▶ **How to complete this task**:
Produce as output only the lines below starting at the line with "215 Arab Rd, Kelowna, BC V1V 2G8" and continuing through the line with "Gypsy & Lolo - Wrist Warmers", each one exactly as written.

▶ **Records for processing**:
────────────────
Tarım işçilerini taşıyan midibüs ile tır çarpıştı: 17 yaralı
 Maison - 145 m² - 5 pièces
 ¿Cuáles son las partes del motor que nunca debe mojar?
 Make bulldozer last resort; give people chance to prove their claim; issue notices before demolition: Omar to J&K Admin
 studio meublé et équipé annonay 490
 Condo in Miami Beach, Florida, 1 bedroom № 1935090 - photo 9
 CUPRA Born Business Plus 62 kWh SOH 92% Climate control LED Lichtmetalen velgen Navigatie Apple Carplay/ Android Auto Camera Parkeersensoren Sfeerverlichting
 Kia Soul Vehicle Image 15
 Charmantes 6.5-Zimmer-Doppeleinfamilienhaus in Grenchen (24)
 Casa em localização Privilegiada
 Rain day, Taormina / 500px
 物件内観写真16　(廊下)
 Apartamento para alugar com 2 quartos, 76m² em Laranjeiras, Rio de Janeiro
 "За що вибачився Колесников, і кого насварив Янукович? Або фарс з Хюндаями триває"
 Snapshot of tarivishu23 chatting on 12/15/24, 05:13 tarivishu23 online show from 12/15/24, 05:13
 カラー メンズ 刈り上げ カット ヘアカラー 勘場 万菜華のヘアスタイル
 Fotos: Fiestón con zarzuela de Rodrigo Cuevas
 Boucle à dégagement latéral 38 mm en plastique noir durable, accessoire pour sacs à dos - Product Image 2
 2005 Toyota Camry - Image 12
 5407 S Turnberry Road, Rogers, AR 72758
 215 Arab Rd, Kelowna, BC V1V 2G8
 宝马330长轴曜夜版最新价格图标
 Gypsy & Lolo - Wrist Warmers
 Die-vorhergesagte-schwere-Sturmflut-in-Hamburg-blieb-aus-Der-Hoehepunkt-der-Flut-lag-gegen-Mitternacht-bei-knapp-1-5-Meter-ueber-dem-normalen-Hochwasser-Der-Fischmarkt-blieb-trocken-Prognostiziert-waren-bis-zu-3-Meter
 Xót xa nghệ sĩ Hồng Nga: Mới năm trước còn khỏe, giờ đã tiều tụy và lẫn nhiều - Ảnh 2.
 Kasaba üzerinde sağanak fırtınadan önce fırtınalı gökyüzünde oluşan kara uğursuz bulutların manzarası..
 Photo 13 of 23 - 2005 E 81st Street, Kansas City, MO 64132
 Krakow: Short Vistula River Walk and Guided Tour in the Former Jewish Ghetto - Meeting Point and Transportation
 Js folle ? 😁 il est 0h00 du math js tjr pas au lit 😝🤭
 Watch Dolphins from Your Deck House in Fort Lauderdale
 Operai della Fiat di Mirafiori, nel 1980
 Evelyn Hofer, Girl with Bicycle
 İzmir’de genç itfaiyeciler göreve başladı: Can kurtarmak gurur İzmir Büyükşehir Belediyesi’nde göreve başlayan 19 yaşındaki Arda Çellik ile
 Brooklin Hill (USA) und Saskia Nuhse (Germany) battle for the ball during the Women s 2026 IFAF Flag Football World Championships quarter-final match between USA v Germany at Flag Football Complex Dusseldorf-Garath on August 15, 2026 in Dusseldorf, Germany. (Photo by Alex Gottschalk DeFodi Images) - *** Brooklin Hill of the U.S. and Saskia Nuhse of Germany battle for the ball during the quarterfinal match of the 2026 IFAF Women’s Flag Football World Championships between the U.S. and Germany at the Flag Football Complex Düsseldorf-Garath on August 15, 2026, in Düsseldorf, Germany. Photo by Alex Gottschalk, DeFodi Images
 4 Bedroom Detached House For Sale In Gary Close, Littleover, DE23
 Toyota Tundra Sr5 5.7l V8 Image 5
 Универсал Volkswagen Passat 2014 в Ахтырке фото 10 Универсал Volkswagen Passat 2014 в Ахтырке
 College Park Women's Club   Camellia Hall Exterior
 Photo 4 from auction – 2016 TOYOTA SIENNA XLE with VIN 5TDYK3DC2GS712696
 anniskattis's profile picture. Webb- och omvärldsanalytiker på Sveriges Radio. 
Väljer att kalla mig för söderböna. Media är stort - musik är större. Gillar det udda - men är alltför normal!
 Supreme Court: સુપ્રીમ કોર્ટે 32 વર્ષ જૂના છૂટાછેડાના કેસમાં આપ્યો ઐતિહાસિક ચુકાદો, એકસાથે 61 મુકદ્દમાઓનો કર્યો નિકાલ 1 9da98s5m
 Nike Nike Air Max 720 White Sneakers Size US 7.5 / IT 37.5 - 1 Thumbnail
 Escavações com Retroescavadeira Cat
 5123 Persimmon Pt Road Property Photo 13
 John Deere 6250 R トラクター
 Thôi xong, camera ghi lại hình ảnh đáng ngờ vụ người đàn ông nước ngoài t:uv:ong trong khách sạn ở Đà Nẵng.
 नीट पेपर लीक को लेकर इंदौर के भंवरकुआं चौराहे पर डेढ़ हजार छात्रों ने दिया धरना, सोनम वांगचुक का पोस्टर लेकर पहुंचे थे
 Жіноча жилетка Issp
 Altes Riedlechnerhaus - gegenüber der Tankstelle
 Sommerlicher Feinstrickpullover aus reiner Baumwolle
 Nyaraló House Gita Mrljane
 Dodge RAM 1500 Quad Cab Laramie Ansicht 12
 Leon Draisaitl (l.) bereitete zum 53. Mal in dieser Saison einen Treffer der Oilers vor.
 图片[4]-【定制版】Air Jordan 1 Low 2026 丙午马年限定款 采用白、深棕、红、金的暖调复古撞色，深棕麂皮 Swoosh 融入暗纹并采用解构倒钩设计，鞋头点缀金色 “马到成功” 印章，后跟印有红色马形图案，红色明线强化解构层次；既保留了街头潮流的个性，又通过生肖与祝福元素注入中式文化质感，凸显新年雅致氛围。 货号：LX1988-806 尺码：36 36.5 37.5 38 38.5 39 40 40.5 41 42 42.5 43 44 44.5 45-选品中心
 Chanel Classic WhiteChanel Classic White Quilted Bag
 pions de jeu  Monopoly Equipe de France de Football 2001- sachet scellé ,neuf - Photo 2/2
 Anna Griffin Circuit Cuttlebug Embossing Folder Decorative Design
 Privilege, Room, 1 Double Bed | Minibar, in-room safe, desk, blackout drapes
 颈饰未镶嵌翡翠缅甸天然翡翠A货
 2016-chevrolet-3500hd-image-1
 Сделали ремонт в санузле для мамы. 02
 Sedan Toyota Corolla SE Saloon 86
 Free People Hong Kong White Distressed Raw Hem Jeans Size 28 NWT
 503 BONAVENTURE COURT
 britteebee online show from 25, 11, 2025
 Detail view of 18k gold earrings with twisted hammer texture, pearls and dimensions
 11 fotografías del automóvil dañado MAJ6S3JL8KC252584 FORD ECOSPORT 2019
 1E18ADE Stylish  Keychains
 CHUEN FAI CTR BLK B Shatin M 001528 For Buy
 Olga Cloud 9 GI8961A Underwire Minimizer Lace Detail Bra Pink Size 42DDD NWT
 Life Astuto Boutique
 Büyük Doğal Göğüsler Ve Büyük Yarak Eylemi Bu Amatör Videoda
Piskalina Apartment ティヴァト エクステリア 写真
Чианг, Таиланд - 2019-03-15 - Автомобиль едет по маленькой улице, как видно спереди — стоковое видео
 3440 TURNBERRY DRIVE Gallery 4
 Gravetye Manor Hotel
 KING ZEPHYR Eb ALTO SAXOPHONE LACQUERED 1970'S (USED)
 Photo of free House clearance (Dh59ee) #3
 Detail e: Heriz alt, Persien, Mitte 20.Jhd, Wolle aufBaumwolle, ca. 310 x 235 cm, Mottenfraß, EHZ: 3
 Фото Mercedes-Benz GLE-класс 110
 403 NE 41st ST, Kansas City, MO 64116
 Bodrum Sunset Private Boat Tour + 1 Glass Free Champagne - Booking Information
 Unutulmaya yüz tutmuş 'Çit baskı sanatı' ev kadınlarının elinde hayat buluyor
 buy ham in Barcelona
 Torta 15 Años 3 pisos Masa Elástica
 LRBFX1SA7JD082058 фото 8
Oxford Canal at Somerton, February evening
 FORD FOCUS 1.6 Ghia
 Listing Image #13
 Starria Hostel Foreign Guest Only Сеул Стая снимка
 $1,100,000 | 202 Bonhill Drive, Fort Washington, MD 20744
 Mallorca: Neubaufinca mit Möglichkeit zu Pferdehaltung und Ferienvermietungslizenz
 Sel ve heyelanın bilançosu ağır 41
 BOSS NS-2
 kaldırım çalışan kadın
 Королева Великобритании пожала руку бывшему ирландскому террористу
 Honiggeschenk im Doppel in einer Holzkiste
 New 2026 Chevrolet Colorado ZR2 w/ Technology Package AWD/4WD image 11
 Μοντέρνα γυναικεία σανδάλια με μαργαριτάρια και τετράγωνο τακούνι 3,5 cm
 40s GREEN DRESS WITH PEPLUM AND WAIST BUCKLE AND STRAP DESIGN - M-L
────────────────
▶ **Answer to this problem**:
 215 Arab Rd, Kelowna, BC V1V 2G8
 宝马330长轴曜夜版最新价格图标
 Gypsy & Lolo - Wrist Warmers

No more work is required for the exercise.